The data below contains pictures, which are to be skipped; the lines starting at the line with "Winding blue river" and ending at the line with "Cucu Cuddles Kids" are to be output exactly, both ends included.

◆ **Input data**
◆ ◆ ◆ ◆ ◆ ◆ ◆
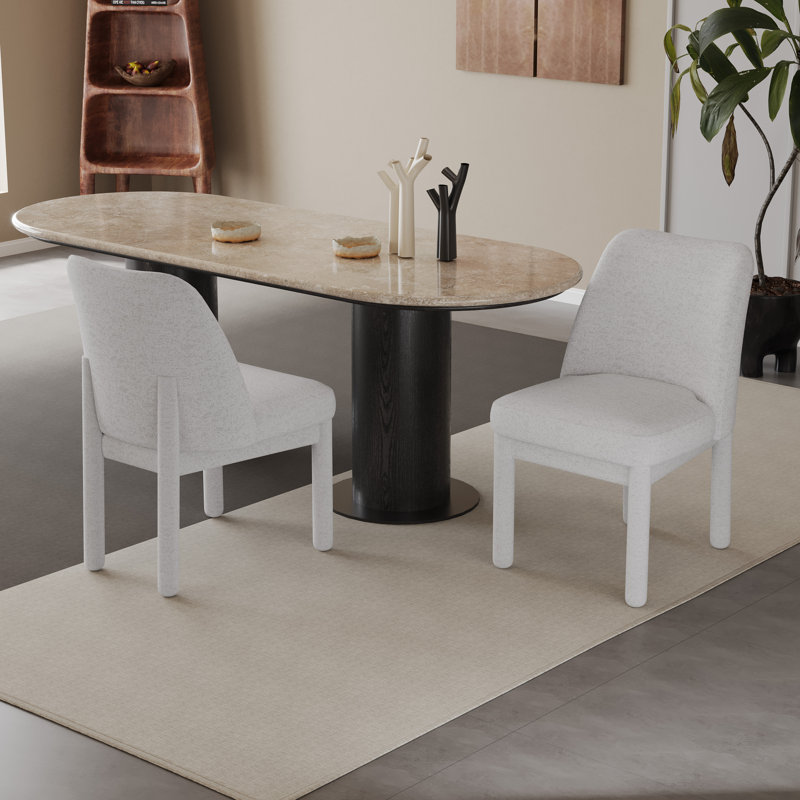 Ensemble de 2 chaises en chenille rembourrées, Beige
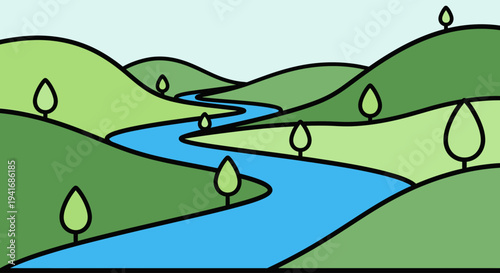 Winding blue river flowing through green hills landscape illustration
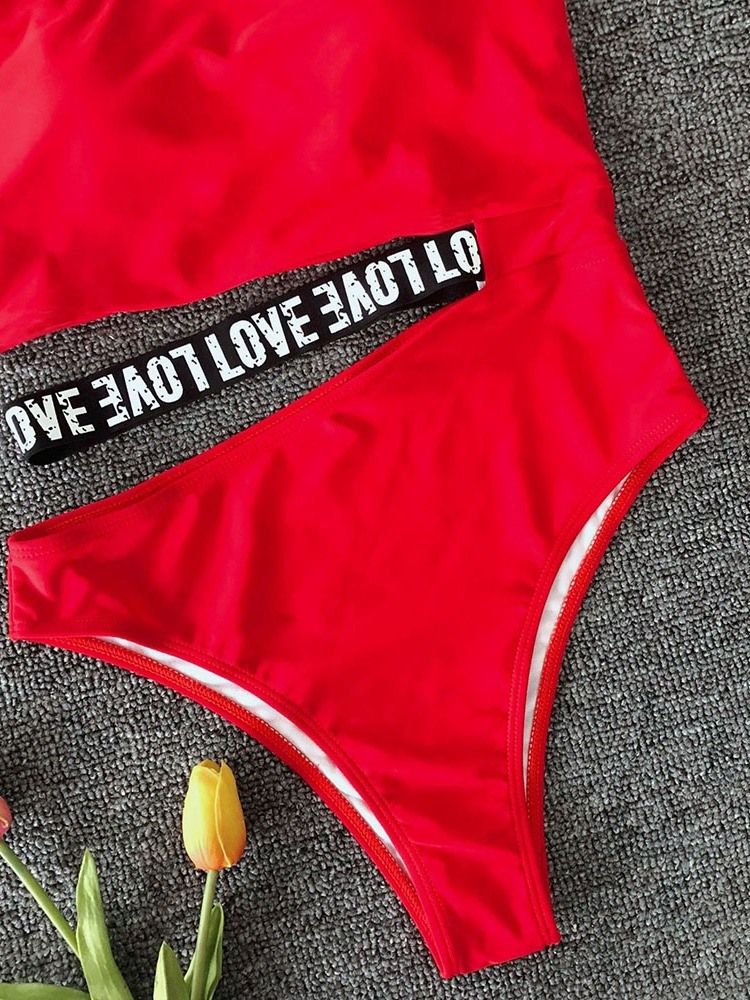 Roupa De Banho Sexy Feminina Com Impressão Em Letra De Uma Peça Colorida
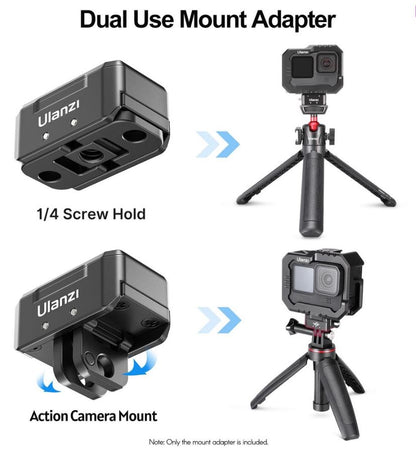 UURig by Ulanzi Hummingbird R080 Aluminum Alloy Quick Release Base for Action Camera, Smartphones and Mirrorless Cameras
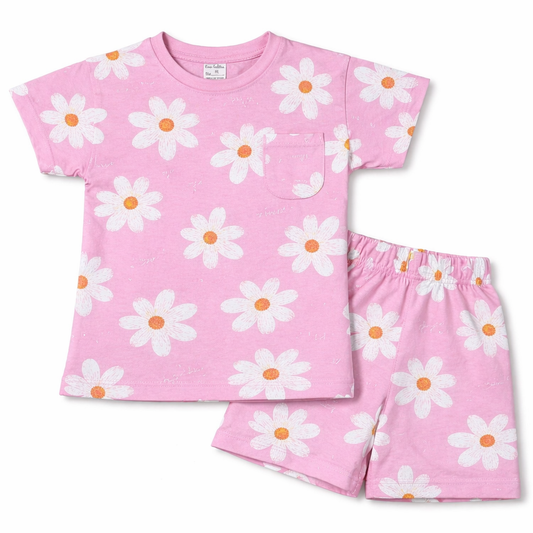 Cucu Cuddles Kids Pink Daisy Print Cotton T-Shirt and Shorts Set Cute Summer Outfit for Girls - Cutypi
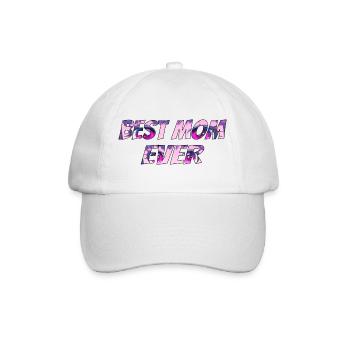 Best Mom Ever Pink Psy Pattern - Baseballkappe - Weiß/Weiß - Vorne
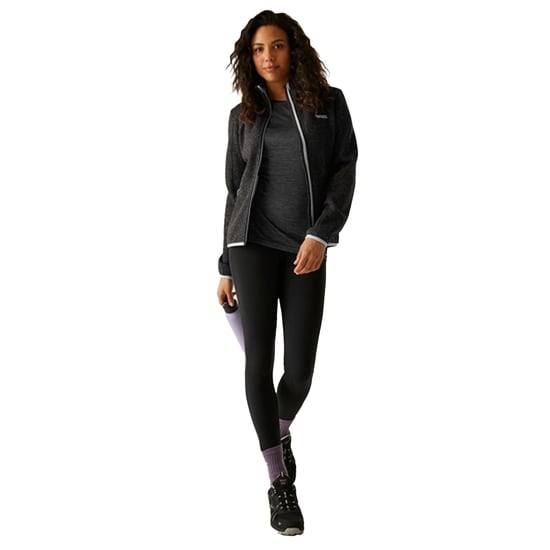 Regatta Damen Newhill Full Zip Fleecejacke (Schwarz/Oyster Mushroom) - Image 6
◆ ◆ ◆ ◆ ◆ ◆ ◆
◆ **Result**
 Winding blue river flowing through green hills landscape illustration
 Roupa De Banho Sexy Feminina Com Impressão Em Letra De Uma Peça Colorida
 UURig by Ulanzi Hummingbird R080 Aluminum Alloy Quick Release Base for Action Camera, Smartphones and Mirrorless Cameras
 Cucu Cuddles Kids Pink Daisy Print Cotton T-Shirt and Shorts Set Cute Summer Outfit for Girls - Cutypi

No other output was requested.